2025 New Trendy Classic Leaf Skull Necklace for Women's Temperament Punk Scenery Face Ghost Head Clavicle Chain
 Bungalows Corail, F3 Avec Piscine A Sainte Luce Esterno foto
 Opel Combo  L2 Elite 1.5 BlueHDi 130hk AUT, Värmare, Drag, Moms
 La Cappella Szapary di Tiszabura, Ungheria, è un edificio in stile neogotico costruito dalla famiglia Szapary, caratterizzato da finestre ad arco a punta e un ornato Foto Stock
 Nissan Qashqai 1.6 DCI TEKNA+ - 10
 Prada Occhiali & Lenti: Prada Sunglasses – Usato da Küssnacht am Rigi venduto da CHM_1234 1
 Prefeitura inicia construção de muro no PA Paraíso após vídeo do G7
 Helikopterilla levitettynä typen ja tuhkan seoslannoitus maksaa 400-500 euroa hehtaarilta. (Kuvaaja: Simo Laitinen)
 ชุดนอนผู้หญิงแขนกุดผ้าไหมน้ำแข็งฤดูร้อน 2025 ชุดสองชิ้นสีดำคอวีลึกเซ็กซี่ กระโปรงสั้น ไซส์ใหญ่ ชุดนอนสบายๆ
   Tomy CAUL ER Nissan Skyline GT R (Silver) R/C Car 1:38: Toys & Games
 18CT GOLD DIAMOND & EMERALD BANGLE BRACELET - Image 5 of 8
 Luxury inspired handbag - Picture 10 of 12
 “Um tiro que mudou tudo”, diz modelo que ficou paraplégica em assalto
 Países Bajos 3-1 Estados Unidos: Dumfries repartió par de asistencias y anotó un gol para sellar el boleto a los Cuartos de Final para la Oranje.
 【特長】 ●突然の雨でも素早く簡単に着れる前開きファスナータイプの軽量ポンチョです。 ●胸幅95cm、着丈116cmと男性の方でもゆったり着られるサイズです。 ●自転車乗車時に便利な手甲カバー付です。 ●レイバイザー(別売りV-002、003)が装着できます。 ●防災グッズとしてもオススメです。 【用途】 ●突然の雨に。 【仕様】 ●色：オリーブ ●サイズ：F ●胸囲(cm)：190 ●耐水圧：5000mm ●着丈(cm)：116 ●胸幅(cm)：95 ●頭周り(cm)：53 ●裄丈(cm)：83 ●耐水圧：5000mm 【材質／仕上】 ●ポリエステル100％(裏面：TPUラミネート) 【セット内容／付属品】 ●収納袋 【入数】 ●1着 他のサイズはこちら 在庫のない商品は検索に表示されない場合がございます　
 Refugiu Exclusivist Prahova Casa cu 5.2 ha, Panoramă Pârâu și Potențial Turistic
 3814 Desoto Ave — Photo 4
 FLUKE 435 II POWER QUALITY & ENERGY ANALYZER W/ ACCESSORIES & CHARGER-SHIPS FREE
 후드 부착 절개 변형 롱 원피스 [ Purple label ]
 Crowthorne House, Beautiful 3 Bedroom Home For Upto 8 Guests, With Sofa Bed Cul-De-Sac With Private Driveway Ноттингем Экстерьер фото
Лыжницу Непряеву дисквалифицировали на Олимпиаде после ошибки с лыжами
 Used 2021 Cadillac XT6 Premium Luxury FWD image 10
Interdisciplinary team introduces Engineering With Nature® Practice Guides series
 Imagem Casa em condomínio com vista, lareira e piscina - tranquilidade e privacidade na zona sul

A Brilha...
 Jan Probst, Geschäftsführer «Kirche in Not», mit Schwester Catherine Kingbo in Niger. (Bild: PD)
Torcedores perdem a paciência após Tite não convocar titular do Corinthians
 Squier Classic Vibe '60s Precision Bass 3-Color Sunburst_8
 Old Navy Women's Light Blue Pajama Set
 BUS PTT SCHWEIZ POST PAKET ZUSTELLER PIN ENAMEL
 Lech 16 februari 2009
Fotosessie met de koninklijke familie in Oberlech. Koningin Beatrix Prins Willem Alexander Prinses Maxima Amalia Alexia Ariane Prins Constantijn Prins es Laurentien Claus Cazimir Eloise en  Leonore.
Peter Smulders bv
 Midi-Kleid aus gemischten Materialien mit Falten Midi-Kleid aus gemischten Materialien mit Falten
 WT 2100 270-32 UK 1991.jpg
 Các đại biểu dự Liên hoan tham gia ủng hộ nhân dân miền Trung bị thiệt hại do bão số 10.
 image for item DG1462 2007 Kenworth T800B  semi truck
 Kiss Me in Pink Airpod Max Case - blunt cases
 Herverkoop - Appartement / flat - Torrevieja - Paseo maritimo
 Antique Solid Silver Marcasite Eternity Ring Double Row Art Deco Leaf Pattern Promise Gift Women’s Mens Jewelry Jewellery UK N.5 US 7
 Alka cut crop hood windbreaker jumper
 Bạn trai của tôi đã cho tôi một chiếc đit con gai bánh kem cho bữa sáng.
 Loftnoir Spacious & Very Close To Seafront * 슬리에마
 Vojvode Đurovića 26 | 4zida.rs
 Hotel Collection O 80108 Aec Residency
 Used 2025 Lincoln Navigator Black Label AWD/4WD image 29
-*-*-
Send back the whole listing, exactly as written.

2025 New Trendy Classic Leaf Skull Necklace for Women's Temperament Punk Scenery Face Ghost Head Clavicle Chain
 Bungalows Corail, F3 Avec Piscine A Sainte Luce Esterno foto
 Opel Combo  L2 Elite 1.5 BlueHDi 130hk AUT, Värmare, Drag, Moms
 La Cappella Szapary di Tiszabura, Ungheria, è un edificio in stile neogotico costruito dalla famiglia Szapary, caratterizzato da finestre ad arco a punta e un ornato Foto Stock
 Nissan Qashqai 1.6 DCI TEKNA+ - 10
 Prada Occhiali & Lenti: Prada Sunglasses – Usato da Küssnacht am Rigi venduto da CHM_1234 1
 Prefeitura inicia construção de muro no PA Paraíso após vídeo do G7
 Helikopterilla levitettynä typen ja tuhkan seoslannoitus maksaa 400-500 euroa hehtaarilta. (Kuvaaja: Simo Laitinen)
 ชุดนอนผู้หญิงแขนกุดผ้าไหมน้ำแข็งฤดูร้อน 2025 ชุดสองชิ้นสีดำคอวีลึกเซ็กซี่ กระโปรงสั้น ไซส์ใหญ่ ชุดนอนสบายๆ
   Tomy CAUL ER Nissan Skyline GT R (Silver) R/C Car 1:38: Toys & Games
 18CT GOLD DIAMOND & EMERALD BANGLE BRACELET - Image 5 of 8
 Luxury inspired handbag - Picture 10 of 12
 “Um tiro que mudou tudo”, diz modelo que ficou paraplégica em assalto
 Países Bajos 3-1 Estados Unidos: Dumfries repartió par de asistencias y anotó un gol para sellar el boleto a los Cuartos de Final para la Oranje.
 【特長】 ●突然の雨でも素早く簡単に着れる前開きファスナータイプの軽量ポンチョです。 ●胸幅95cm、着丈116cmと男性の方でもゆったり着られるサイズです。 ●自転車乗車時に便利な手甲カバー付です。 ●レイバイザー(別売りV-002、003)が装着できます。 ●防災グッズとしてもオススメです。 【用途】 ●突然の雨に。 【仕様】 ●色：オリーブ ●サイズ：F ●胸囲(cm)：190 ●耐水圧：5000mm ●着丈(cm)：116 ●胸幅(cm)：95 ●頭周り(cm)：53 ●裄丈(cm)：83 ●耐水圧：5000mm 【材質／仕上】 ●ポリエステル100％(裏面：TPUラミネート) 【セット内容／付属品】 ●収納袋 【入数】 ●1着 他のサイズはこちら 在庫のない商品は検索に表示されない場合がございます　
 Refugiu Exclusivist Prahova Casa cu 5.2 ha, Panoramă Pârâu și Potențial Turistic
 3814 Desoto Ave — Photo 4
 FLUKE 435 II POWER QUALITY & ENERGY ANALYZER W/ ACCESSORIES & CHARGER-SHIPS FREE
 후드 부착 절개 변형 롱 원피스 [ Purple label ]
 Crowthorne House, Beautiful 3 Bedroom Home For Upto 8 Guests, With Sofa Bed Cul-De-Sac With Private Driveway Ноттингем Экстерьер фото
Лыжницу Непряеву дисквалифицировали на Олимпиаде после ошибки с лыжами
 Used 2021 Cadillac XT6 Premium Luxury FWD image 10
Interdisciplinary team introduces Engineering With Nature® Practice Guides series
 Imagem Casa em condomínio com vista, lareira e piscina - tranquilidade e privacidade na zona sul

A Brilha...
 Jan Probst, Geschäftsführer «Kirche in Not», mit Schwester Catherine Kingbo in Niger. (Bild: PD)
Torcedores perdem a paciência após Tite não convocar titular do Corinthians
 Squier Classic Vibe '60s Precision Bass 3-Color Sunburst_8
 Old Navy Women's Light Blue Pajama Set
 BUS PTT SCHWEIZ POST PAKET ZUSTELLER PIN ENAMEL
 Lech 16 februari 2009
Fotosessie met de koninklijke familie in Oberlech. Koningin Beatrix Prins Willem Alexander Prinses Maxima Amalia Alexia Ariane Prins Constantijn Prins es Laurentien Claus Cazimir Eloise en  Leonore.
Peter Smulders bv
 Midi-Kleid aus gemischten Materialien mit Falten Midi-Kleid aus gemischten Materialien mit Falten
 WT 2100 270-32 UK 1991.jpg
 Các đại biểu dự Liên hoan tham gia ủng hộ nhân dân miền Trung bị thiệt hại do bão số 10.
 image for item DG1462 2007 Kenworth T800B  semi truck
 Kiss Me in Pink Airpod Max Case - blunt cases
 Herverkoop - Appartement / flat - Torrevieja - Paseo maritimo
 Antique Solid Silver Marcasite Eternity Ring Double Row Art Deco Leaf Pattern Promise Gift Women’s Mens Jewelry Jewellery UK N.5 US 7
 Alka cut crop hood windbreaker jumper
 Bạn trai của tôi đã cho tôi một chiếc đit con gai bánh kem cho bữa sáng.
 Loftnoir Spacious & Very Close To Seafront * 슬리에마
 Vojvode Đurovića 26 | 4zida.rs
 Hotel Collection O 80108 Aec Residency
 Used 2025 Lincoln Navigator Black Label AWD/4WD image 29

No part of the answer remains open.